Anak-anak usia dini menurut ketua Komisi Nasional Perlindungan Anak, Arist Merdeka Sirait yang boleh dikenalkan pada konsep-konsep dasar kehidupan saja seperti bersosialisasi dan bergaul.

Kurikulum PAUD yang terlalu kaku misalnya, membuat anak-anak menjadi tertekan sehingga tidak berkembang dan rentan terjerumus dalam perilaku berbahaya. Anak-anak, katanya, sebaiknya diberi kebebasan untuk memilih aktivitasnya.

Memang, tantangan berat akan dirasakan guru kelas 1 SD terutama yang ada di pelosok dan pedalaman, karena tidak di semua daerah ada PAUD, sehingga tugas pertama guru adalah untuk mengajar membaca, menulis dan berhitung.

Beban ini akan diperberat oleh beragamnya tingkat IQ dan latar belakang siswa.

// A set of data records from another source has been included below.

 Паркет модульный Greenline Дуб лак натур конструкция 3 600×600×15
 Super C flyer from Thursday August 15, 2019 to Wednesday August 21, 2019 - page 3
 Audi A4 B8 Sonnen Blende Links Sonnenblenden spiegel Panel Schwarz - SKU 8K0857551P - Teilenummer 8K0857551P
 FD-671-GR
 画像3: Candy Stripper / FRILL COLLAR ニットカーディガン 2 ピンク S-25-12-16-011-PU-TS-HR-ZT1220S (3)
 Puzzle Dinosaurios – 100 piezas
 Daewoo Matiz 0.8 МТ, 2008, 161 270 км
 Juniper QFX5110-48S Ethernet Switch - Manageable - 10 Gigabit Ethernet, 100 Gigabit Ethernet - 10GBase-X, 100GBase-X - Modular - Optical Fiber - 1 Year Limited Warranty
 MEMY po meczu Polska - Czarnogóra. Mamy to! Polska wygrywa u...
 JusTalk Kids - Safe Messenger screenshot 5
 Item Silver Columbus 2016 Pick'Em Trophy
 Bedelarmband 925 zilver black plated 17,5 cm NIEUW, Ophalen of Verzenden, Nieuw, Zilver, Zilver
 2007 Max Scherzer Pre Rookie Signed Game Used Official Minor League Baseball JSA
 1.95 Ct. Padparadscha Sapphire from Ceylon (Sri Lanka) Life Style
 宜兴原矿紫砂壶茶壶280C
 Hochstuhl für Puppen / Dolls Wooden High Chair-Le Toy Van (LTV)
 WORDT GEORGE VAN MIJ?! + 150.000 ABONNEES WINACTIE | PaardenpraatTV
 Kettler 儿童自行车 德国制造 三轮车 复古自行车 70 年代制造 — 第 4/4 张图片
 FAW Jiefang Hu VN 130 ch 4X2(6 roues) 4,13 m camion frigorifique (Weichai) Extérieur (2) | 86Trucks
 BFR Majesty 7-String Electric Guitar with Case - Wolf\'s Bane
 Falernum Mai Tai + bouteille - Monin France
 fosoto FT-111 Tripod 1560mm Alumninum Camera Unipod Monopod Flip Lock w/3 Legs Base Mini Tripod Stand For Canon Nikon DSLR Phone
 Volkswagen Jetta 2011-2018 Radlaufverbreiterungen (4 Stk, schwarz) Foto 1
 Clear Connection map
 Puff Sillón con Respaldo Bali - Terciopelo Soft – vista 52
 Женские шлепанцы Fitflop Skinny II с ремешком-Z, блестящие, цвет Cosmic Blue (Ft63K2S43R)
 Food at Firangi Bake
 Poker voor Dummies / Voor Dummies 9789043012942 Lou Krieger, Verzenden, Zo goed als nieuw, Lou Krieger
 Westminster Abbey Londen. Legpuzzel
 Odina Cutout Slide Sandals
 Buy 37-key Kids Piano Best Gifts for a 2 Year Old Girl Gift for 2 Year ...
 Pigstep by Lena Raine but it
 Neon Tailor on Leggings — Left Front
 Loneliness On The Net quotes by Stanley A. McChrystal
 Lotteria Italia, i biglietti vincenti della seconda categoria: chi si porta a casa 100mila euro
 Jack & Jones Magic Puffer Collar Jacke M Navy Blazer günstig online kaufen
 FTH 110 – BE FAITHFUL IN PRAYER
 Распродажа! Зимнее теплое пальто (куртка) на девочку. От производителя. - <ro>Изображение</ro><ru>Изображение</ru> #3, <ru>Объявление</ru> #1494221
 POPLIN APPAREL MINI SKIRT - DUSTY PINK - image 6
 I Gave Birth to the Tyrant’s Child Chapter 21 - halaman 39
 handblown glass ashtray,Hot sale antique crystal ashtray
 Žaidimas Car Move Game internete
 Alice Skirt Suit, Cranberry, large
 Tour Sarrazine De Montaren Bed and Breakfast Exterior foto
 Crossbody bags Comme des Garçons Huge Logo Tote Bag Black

Tantangan ini mungkin tidak dirasakan oleh guru kelas 1 SD di kota karena siswa baru rata-rata jebolan PAUD yang sedikit banyak sudah mengenal calistung, meski tidak wajib diajarkan.

Belajar calistung biasanya membutuhkan waktu dan jika baru dimulai di kelas 1 SD, bagaimana anak-anak mampu membaca lembar soal saat ulangan semesteran. Sebaliknya, jika calistung diajarkan sejak dini, anak-anak terbebani.

Apalagi dalam kurikulum 2013, materi pelajaran kelas 1 SD sudah sangat kompleks. Anak sudah tak sempat lagi belajar membaca, karena begitu masuk kelas satu, mereka dituntut mampu memahami bahan bacaannya, supaya bisa mengerjakan soal dan ulangan.

Mungkin belajar calistung di rumah dengan pola permainan yang mengasyikkan, akan membuat anak-anak usia bawah lima tahun atau balita tidak merasa tertekan dan kesulitan yang dihadapi manakala mereka akan masuk SD, akan bisa teratasi.

Baca Peraturan Pemerintah No. 17 tahun 2010 pasal 69 dan pasal 70.
Dalam PP tersebut diatur untuk masuk SD atau sederajat tidak didasarkan pada tes baca, tulis, hitung atau tes lainnya. Tidak ada alasan bagi penyelenggara pendidikan tingkat sekolah dasar (SD) atau sederajat untuk menggelar tes masuk bagi calon peserta didiknya. Berikut isi PP No. 17 tahun 2010 pasal 69 ayat 4 dan 5 dan pasal 70:

Pasal 69

(4) SD/MI atau bentuk lain yang sederajat wajib menerima warga negara berusia 7 (tujuh) tahun sampai dengan 12 (dua belas) tahun sebagai peserta didik hingga dengan batas daya tampungnya.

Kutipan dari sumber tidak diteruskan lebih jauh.